:: WHAT THE TASK REQUIRES ::
Once you reach the line with "minta fehér pólón" in the material below, copy each line exactly up to and including the line with "Resale - Villa", and skip the pictures.

:: INFORMATION ::
:::

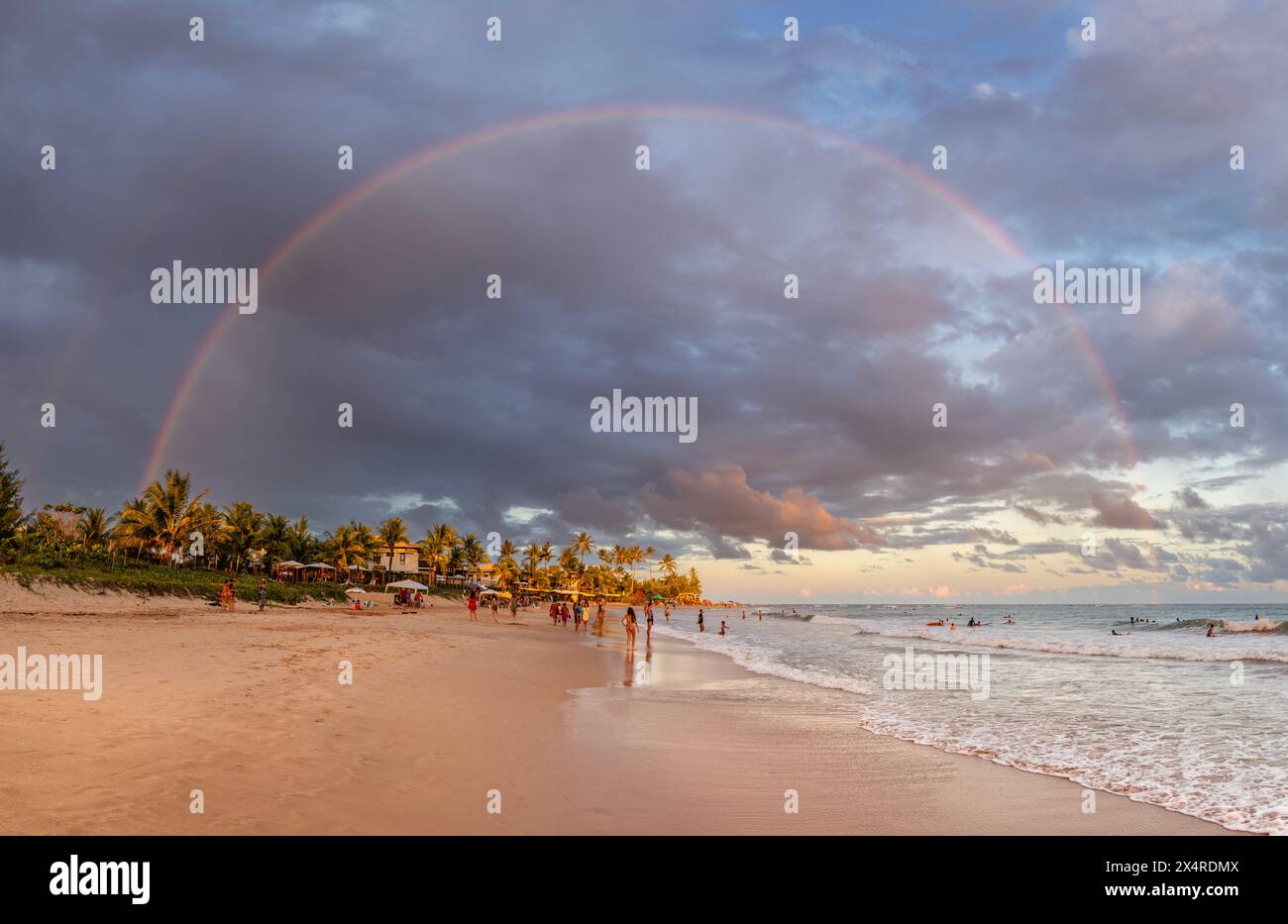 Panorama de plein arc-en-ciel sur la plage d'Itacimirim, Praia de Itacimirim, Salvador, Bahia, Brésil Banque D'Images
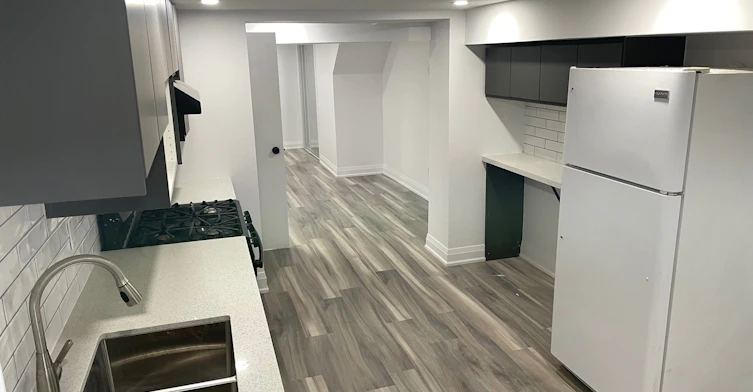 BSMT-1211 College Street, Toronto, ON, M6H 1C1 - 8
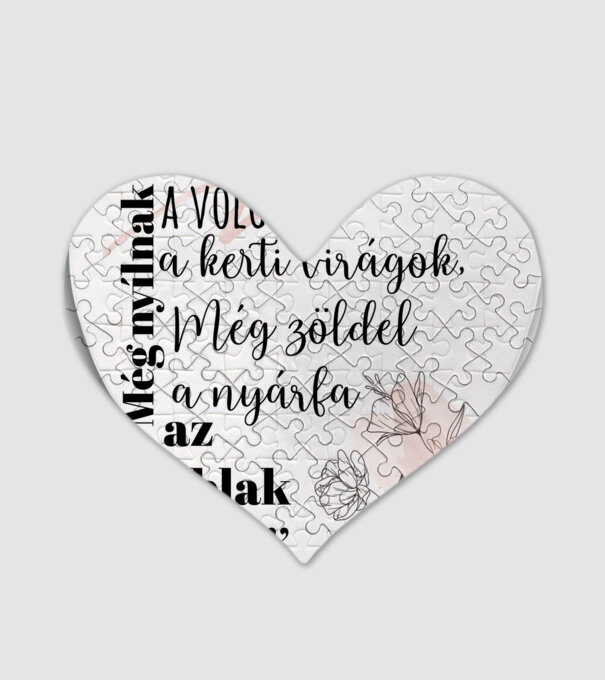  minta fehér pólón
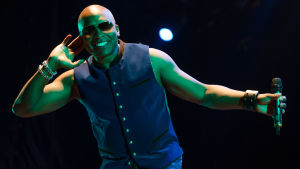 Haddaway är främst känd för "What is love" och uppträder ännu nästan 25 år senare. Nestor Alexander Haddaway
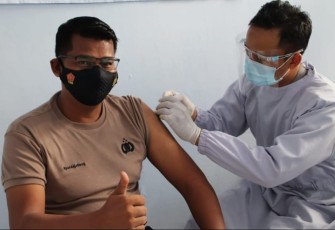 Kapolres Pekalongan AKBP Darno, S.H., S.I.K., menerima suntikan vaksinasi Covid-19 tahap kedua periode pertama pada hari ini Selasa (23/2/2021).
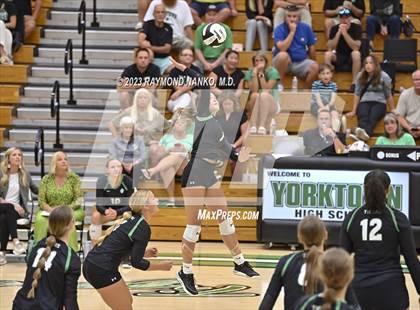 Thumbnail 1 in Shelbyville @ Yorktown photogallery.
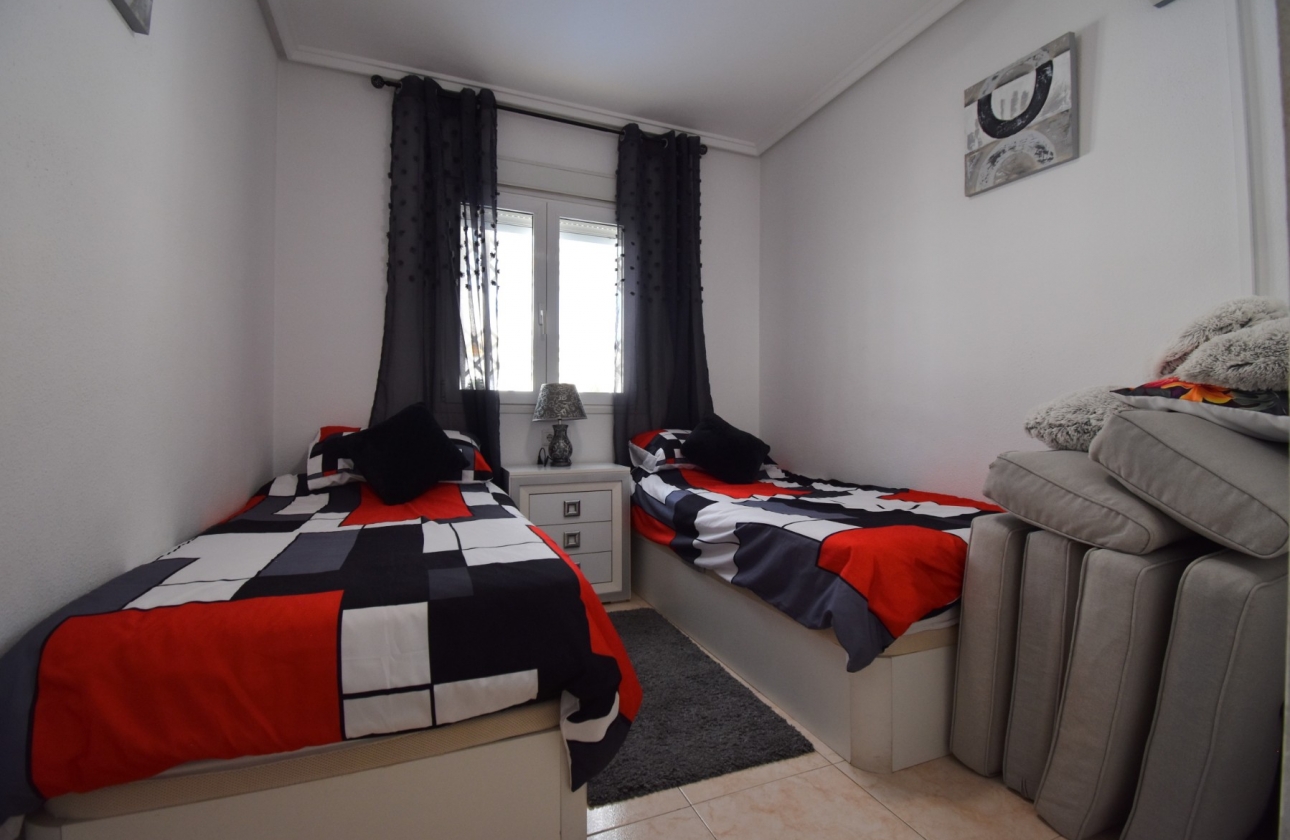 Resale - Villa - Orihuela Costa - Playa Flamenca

:::

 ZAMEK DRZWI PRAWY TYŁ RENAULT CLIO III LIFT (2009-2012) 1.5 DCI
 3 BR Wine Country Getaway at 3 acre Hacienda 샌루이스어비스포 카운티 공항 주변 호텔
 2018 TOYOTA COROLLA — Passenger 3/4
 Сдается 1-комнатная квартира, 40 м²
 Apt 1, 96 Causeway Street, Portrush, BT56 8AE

:::

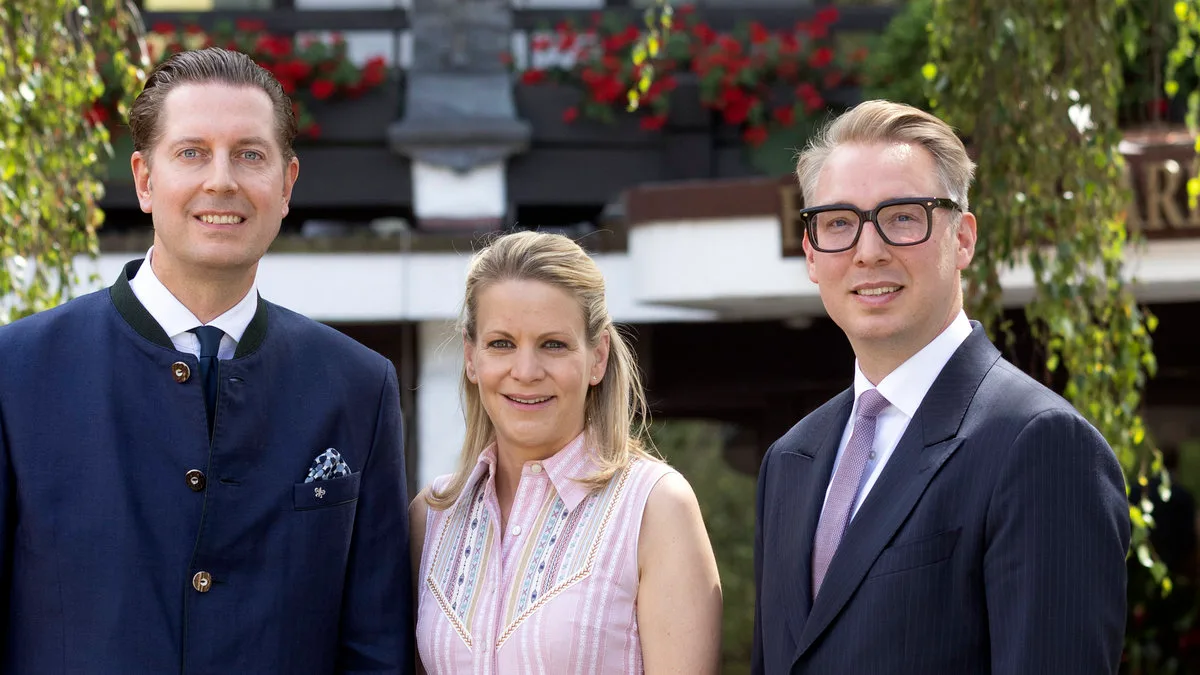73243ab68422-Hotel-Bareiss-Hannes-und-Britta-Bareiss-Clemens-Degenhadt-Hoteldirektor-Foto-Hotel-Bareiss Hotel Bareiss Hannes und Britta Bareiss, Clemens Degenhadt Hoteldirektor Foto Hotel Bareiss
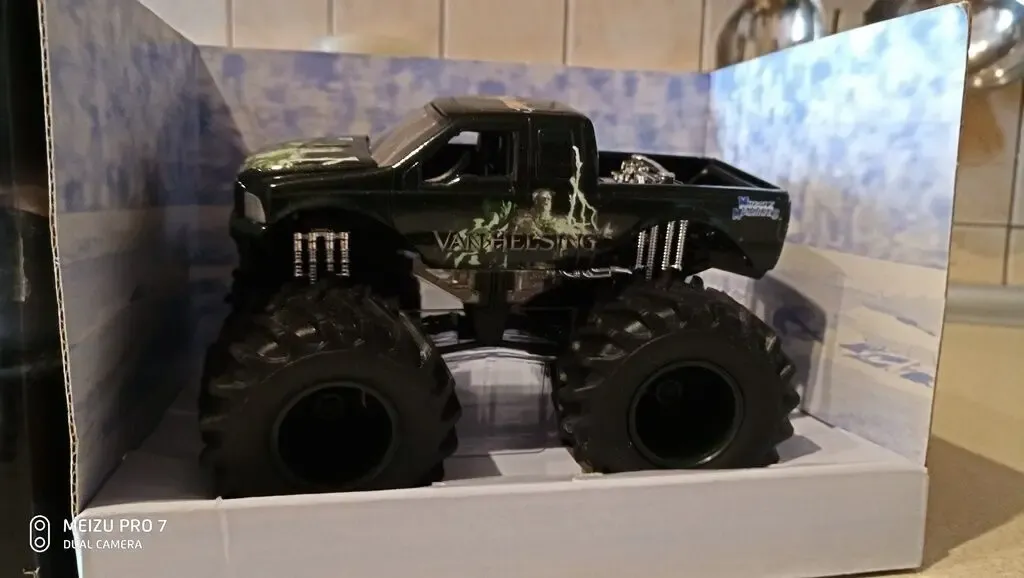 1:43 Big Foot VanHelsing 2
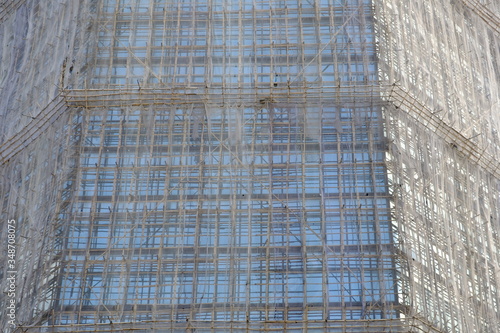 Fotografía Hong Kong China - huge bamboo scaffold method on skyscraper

:::

:: ANSWER ::
  minta fehér pólón
 Haddaway är främst känd för "What is love" och uppträder ännu nästan 25 år senare. Nestor Alexander Haddaway
 Kapolres Pekalongan AKBP Darno, S.H., S.I.K., menerima suntikan vaksinasi Covid-19 tahap kedua periode pertama pada hari ini Selasa (23/2/2021).
 Thumbnail 1 in Shelbyville @ Yorktown photogallery.
 Resale - Villa - Orihuela Costa - Playa Flamenca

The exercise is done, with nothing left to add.